TASK REQUIREMENTS:
Without including any picture, copy the entries that follow word for word.

====

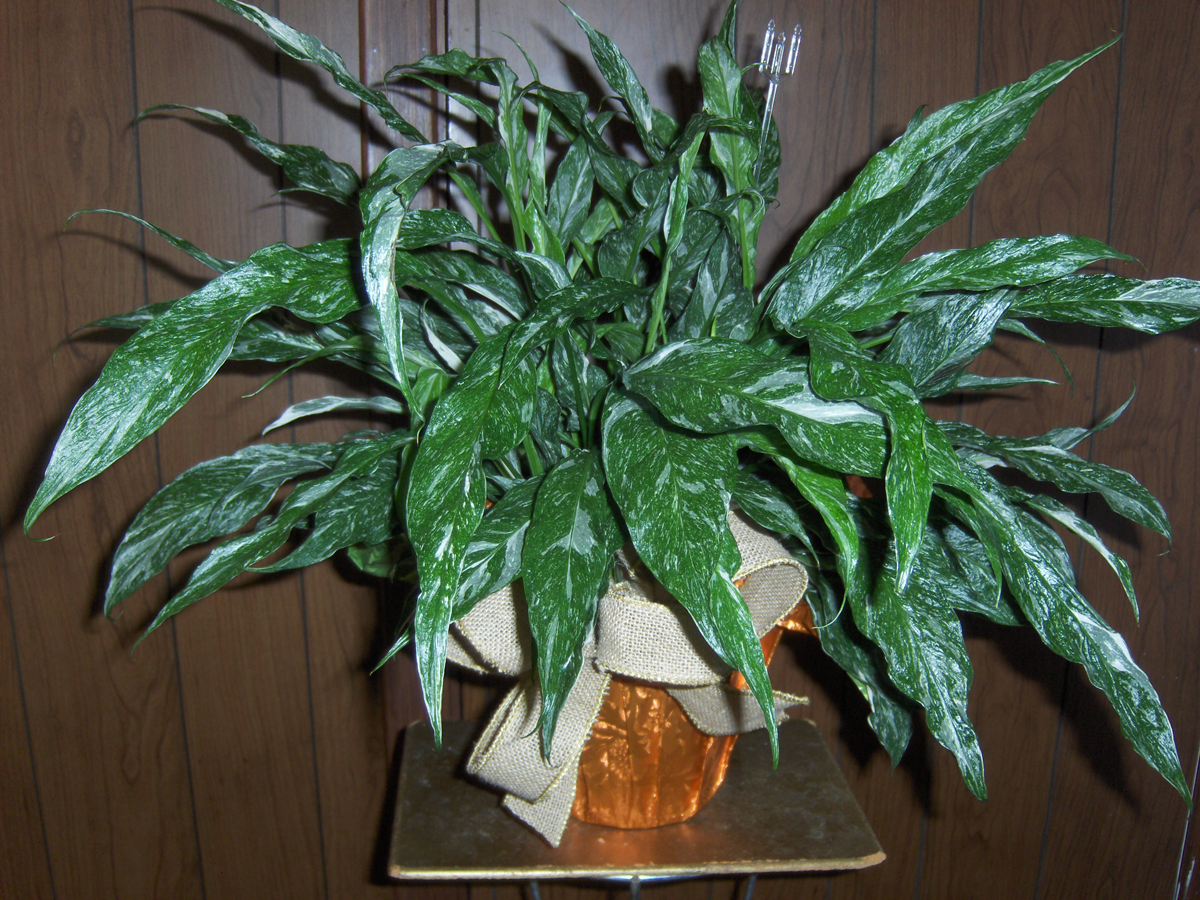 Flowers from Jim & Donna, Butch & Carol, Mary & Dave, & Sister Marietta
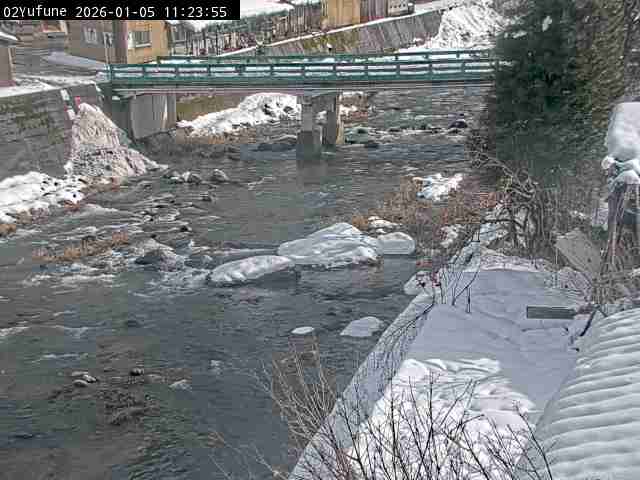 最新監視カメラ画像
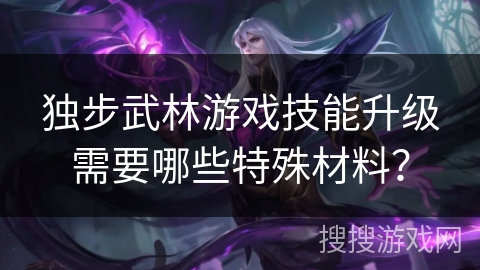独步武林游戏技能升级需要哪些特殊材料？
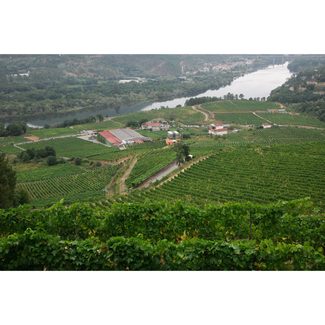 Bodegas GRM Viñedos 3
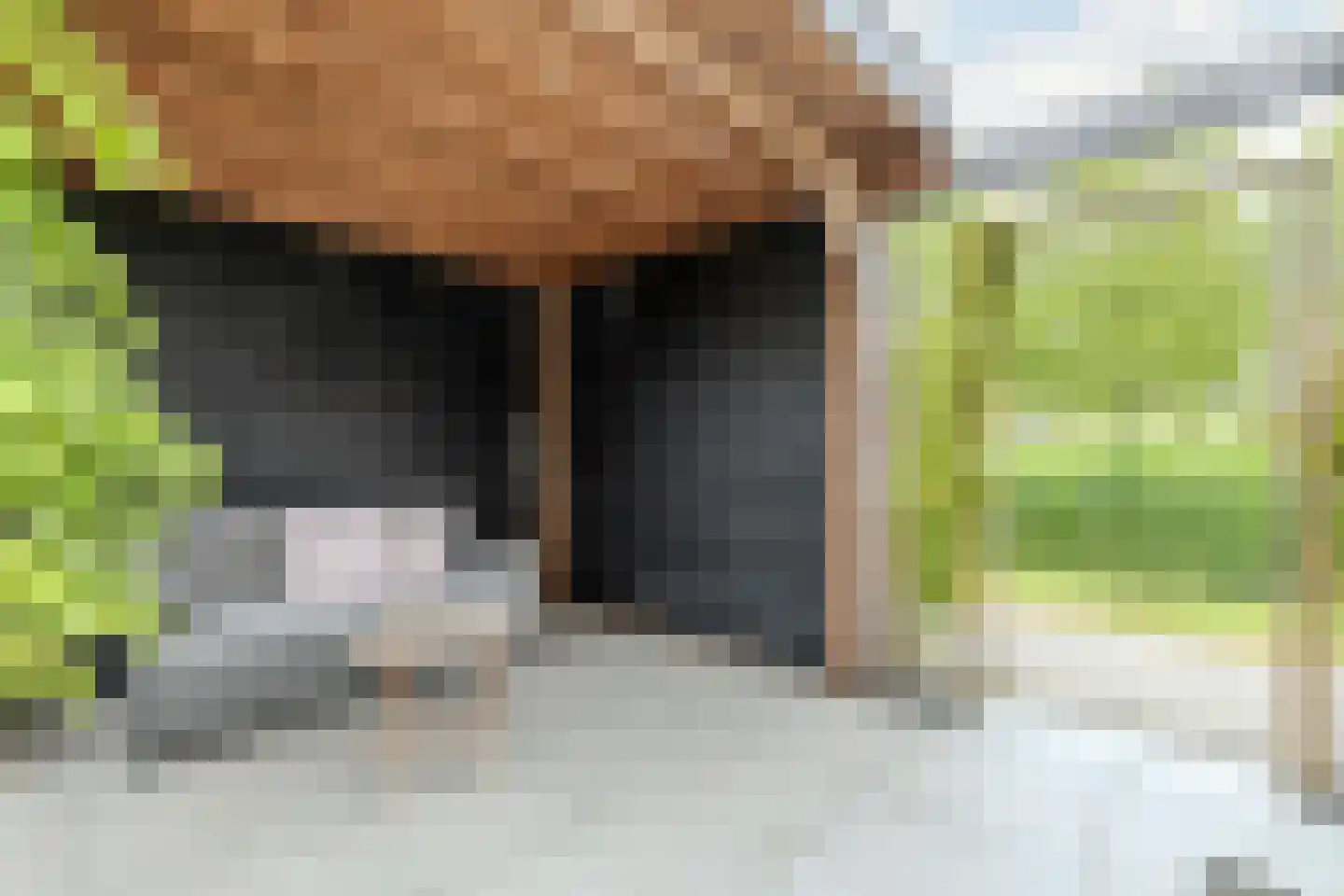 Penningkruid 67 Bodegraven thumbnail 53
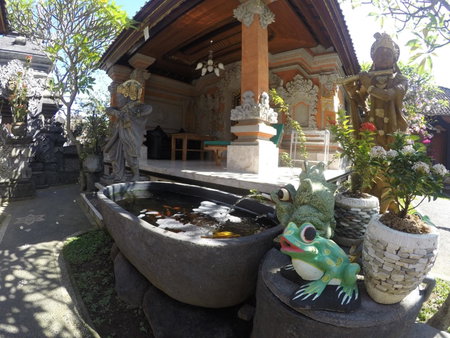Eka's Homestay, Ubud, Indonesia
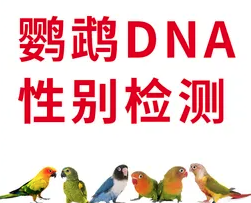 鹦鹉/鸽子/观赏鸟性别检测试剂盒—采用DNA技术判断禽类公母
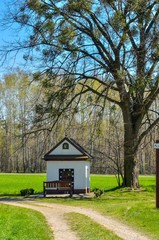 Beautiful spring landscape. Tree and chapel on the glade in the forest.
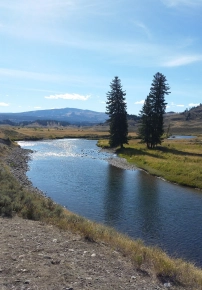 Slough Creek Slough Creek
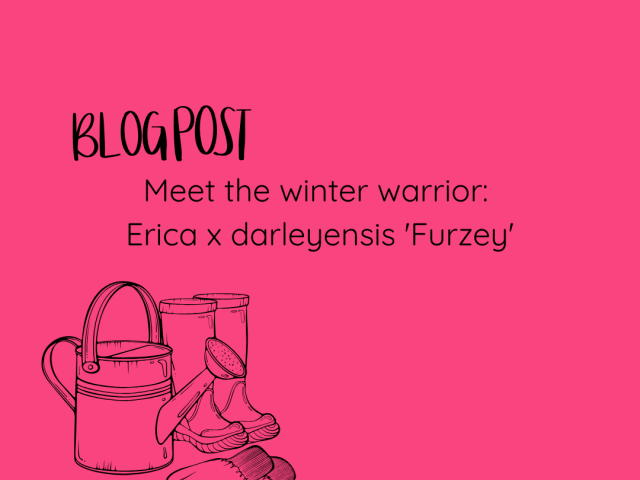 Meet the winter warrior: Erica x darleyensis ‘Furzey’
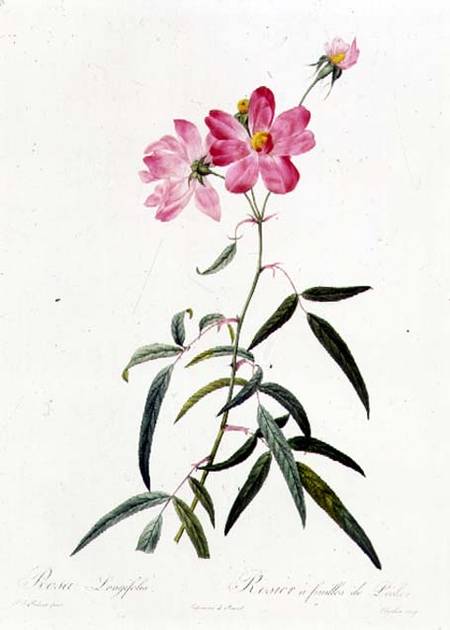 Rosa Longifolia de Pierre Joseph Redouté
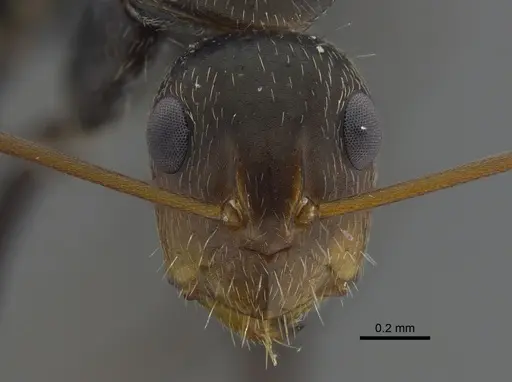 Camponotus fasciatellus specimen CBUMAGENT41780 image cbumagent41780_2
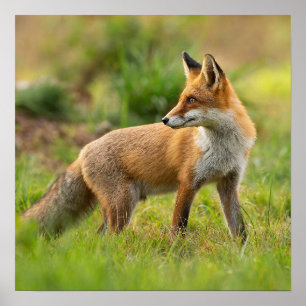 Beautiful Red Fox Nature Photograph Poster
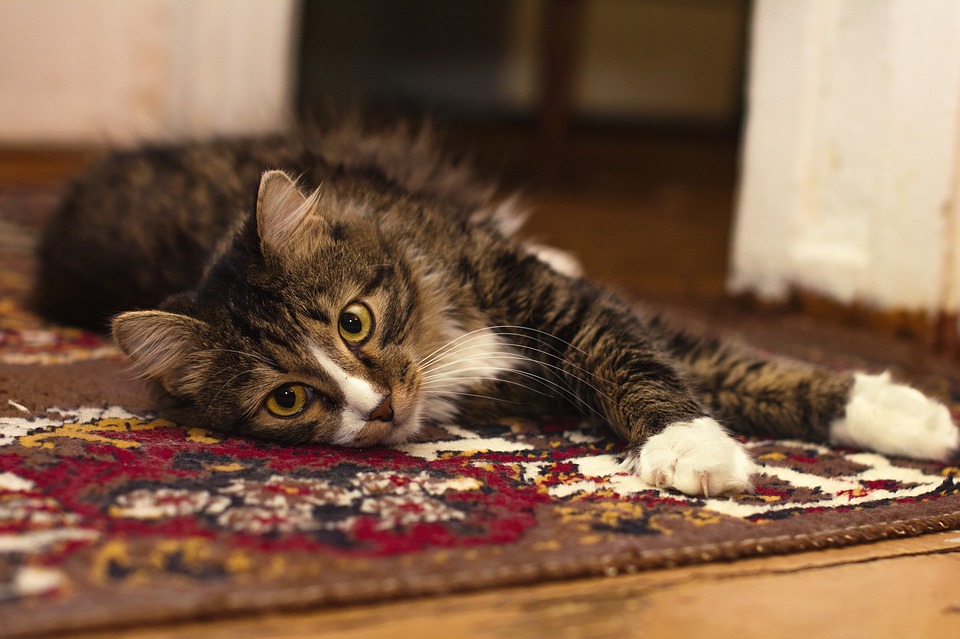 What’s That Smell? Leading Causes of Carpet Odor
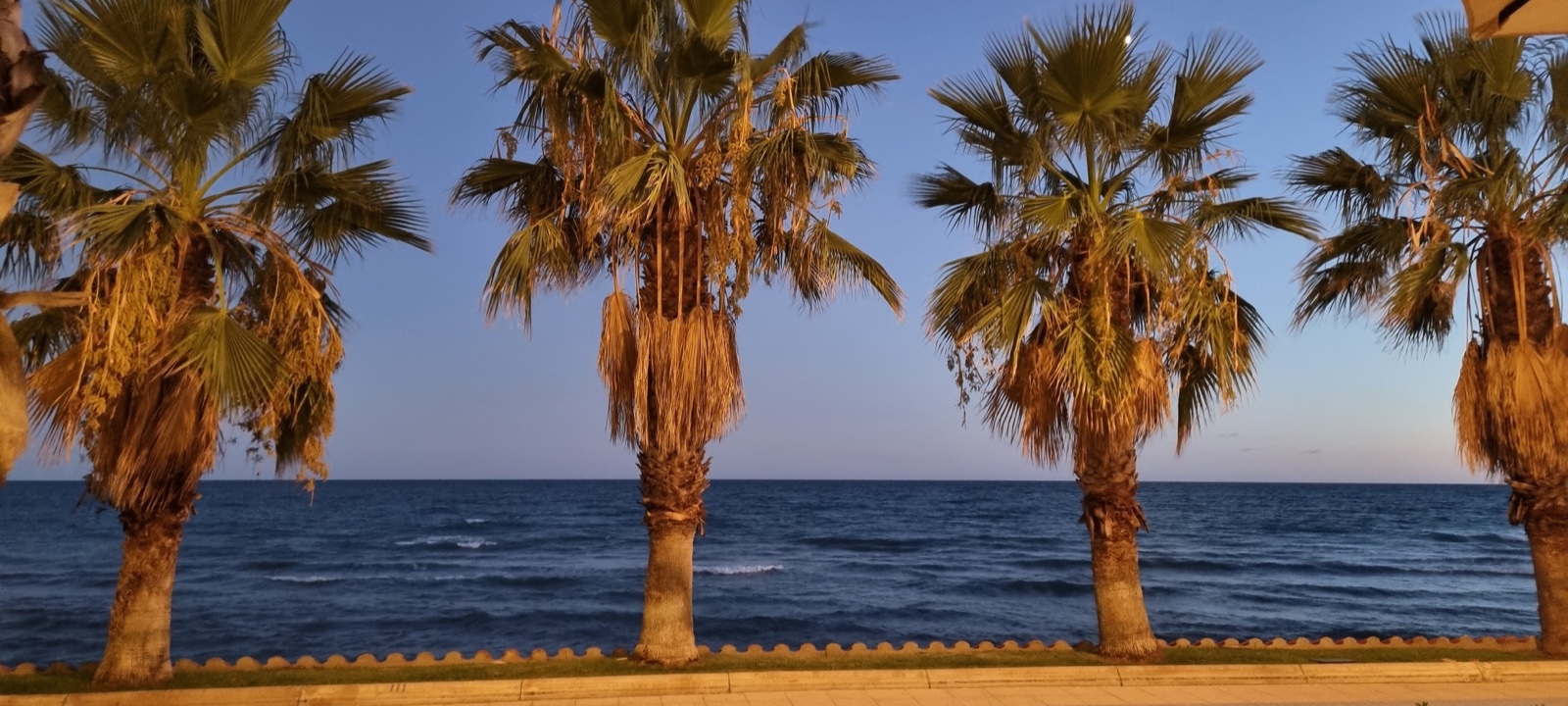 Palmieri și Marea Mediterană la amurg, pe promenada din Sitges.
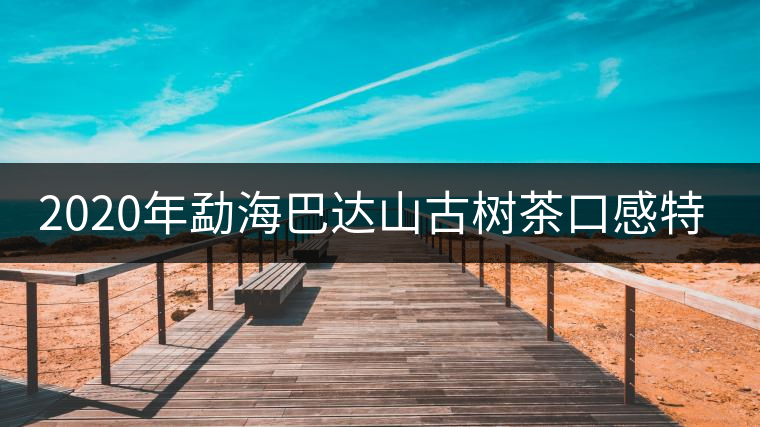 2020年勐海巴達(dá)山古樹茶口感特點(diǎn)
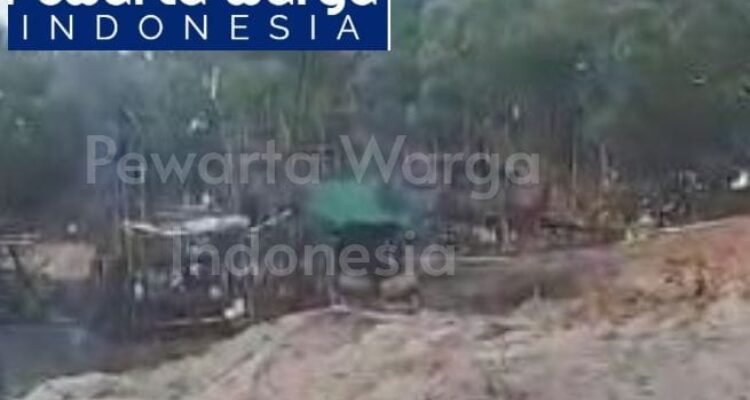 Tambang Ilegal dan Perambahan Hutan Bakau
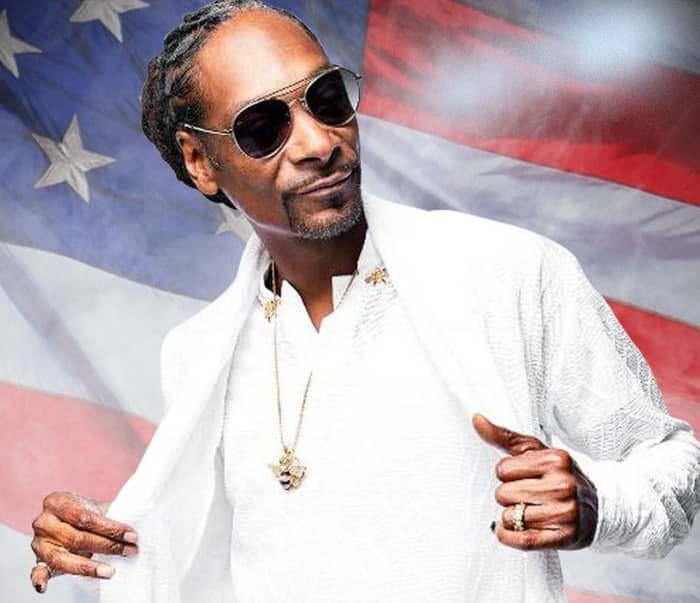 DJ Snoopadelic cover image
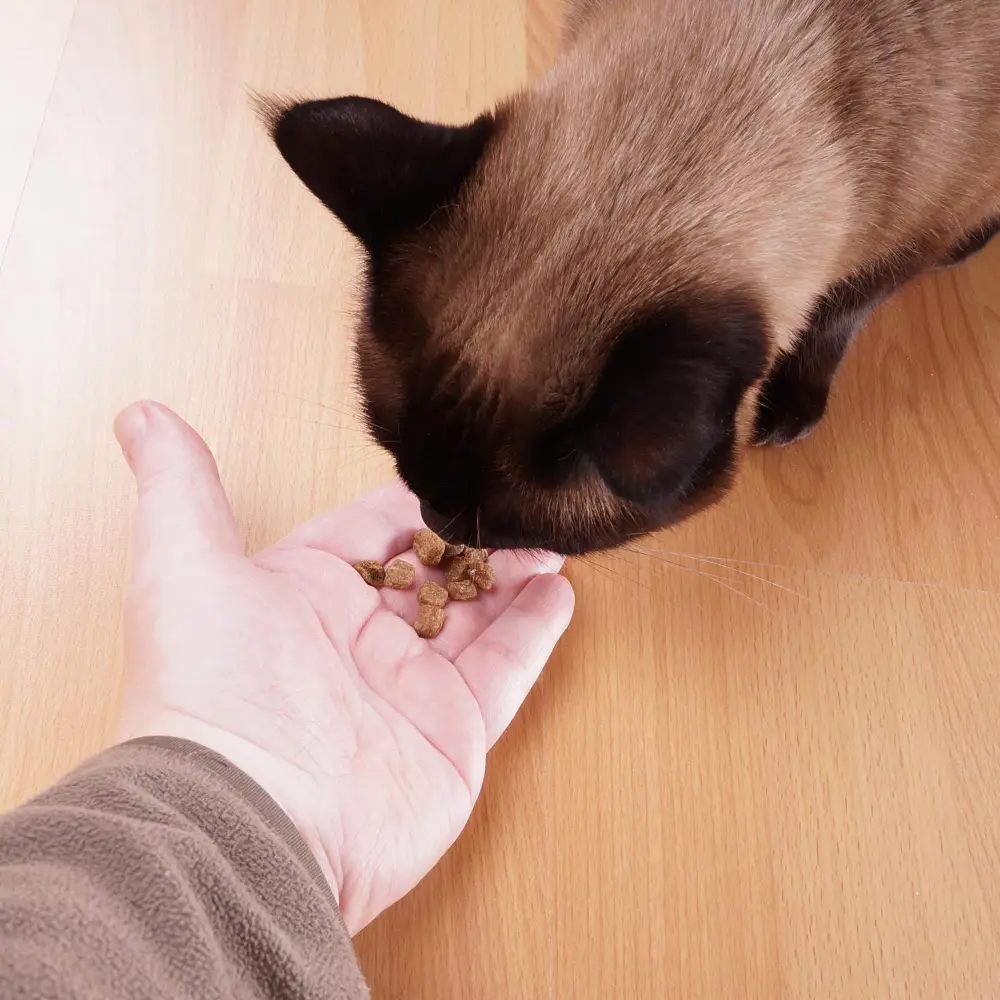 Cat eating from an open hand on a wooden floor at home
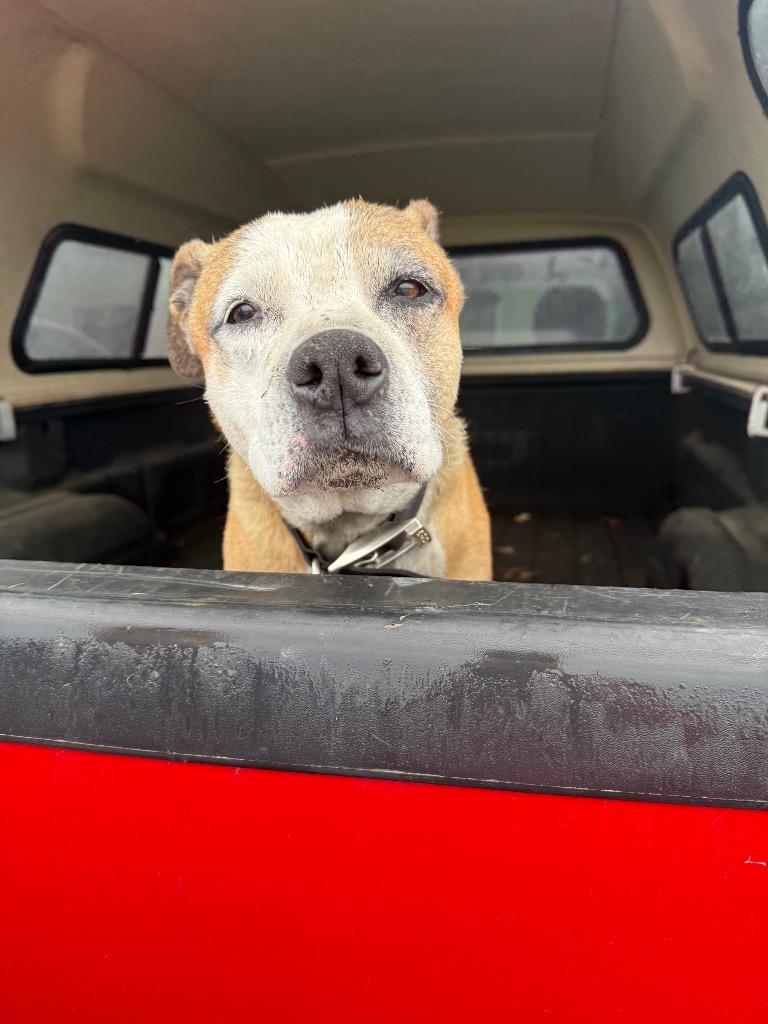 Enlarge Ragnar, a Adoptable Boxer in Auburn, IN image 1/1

====

RESPONSE BOX:
 Flowers from Jim & Donna, Butch & Carol, Mary & Dave, & Sister Marietta
 最新監視カメラ画像
独步武林游戏技能升级需要哪些特殊材料？
 Bodegas GRM Viñedos 3
 Penningkruid 67 Bodegraven thumbnail 53
Eka's Homestay, Ubud, Indonesia
 鹦鹉/鸽子/观赏鸟性别检测试剂盒—采用DNA技术判断禽类公母
 Beautiful spring landscape. Tree and chapel on the glade in the forest.
 Slough Creek Slough Creek
 Meet the winter warrior: Erica x darleyensis ‘Furzey’
 Rosa Longifolia de Pierre Joseph Redouté
 Camponotus fasciatellus specimen CBUMAGENT41780 image cbumagent41780_2
 Beautiful Red Fox Nature Photograph Poster
 What’s That Smell? Leading Causes of Carpet Odor
 Palmieri și Marea Mediterană la amurg, pe promenada din Sitges.
 2020年勐海巴達(dá)山古樹茶口感特點(diǎn)
 Tambang Ilegal dan Perambahan Hutan Bakau
 DJ Snoopadelic cover image
 Cat eating from an open hand on a wooden floor at home
 Enlarge Ragnar, a Adoptable Boxer in Auburn, IN image 1/1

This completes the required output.